Keeping the Mean

I returned home yesterday from a stimulating conference in Zhengzhou, China, discussing Chinese contributions today to a “community of shared future for mankind.” The gathering of scholars was the 10th International Symposium on Chinese Culture in the 21st Century. Opening the sessions was Mr. Wang Zhengwei, Vice-Chairman of the Chinese People’s Political Consultative Conference and a member of the 16th and 17th Central Committees of the Communist Party of China.

Zhengzhou is in the center of north China, along the Yellow River in Henan Province. Henan is the birthplace of Chinese civilization several millennia ago. The topic for discussion at the forum was how to apply to our world today perspectives from China’s ancient Yan Huang philosophies on human destiny, ideas which arose among peoples and kingdoms living in and around Henan.

My paper was an exploration of the over-looked essay in the Confucian tradition entitled The Doctrine of the Mean, which links Confucian social ethics to a never-ending cosmic dynamic of the Tao. Briefly, the Doctrine of the Mean advises that individuals must discipline their minds and hearts to find balance and equilibrium between the authority of absolutes and the realities of pluralism. Finding the Mean permits living in the Tao, which is sustainability and wholesomeness.

Delivered today to my home in St. Paul, Minnesota, the Wall Street Journal has two commentaries on the West – Europe and the U.S. – falling short of the Mean in their culture, economics and politics.

First, Willam McGurn writes on U.K. Prime Minister Theresa May having inadequate support for her plan to have her nation leave the European Union but maintain some advantages of association with that larger international confederation. The future of the U.K. is now up for grabs. He then notes that in France, President Emmanuel Macon has just retreated in concession to protests against his elitism by offering the “masses” a higher minimum wage and cuts in taxes on some pensioners. Thirdly, McGurn reports that in California, 200 civil rights leaders have gone to court to oppose the state’s greenhouse gas emissions regulations as discriminating against poor African Americans and Hispanics to favor the preferences of the very rich, who live in Hollywood and Silicon Valley.
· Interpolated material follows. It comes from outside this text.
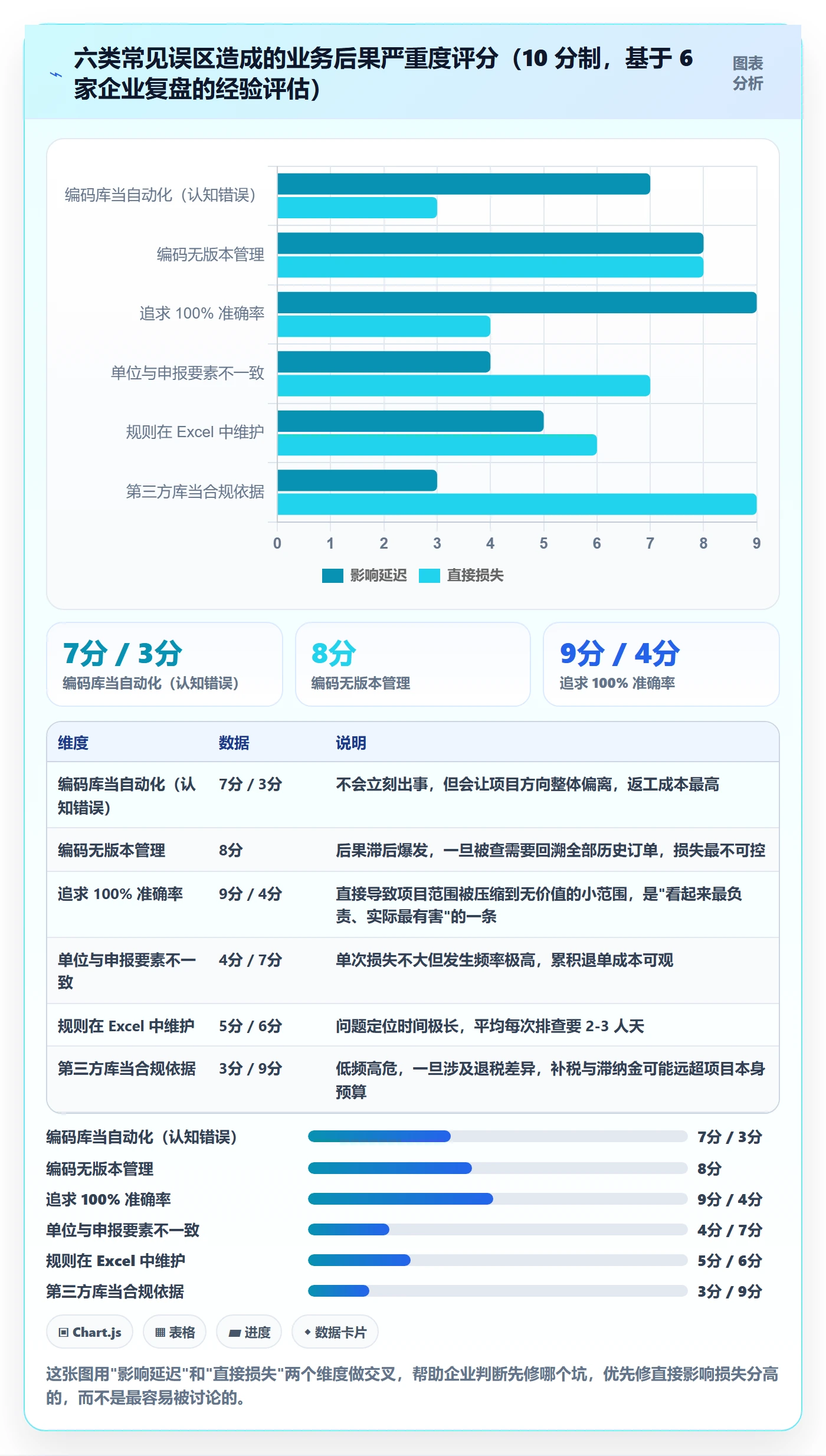 外贸数据分析平台操作手册：商品编码对应的自动化方案步骤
Secondly, Walter Russell Mead opines that voter distemper in the U.K., France, Germany, Italy and the U.S. is happening when those economies are doing rather well. What is driving protest is therefore not simply economic discontent. The storm of populist angst has other causes. Our time is out of joint. Something is upset in how we are governed, in our levels of self-respect, in our expectations of the future and in the answer to the question of “Cui Bono?”

The ideas of the Caux Round Table of Moral Capitalism seek to provide such balance for the economy, public governance, civil society and the ownership of wealth.

Today’s Wall Street Journal also brought forth in a book review a most relevant piece of advice from Samuel Williams from his 1794 book History of Vermont: “Behold here the precarious foundation upon which ye hold your liberties. They rest not upon things written upon paper … they depend upon yourselves; upon your maintaining your property, your knowledge and your virtue.”

Confucius could not have said it better.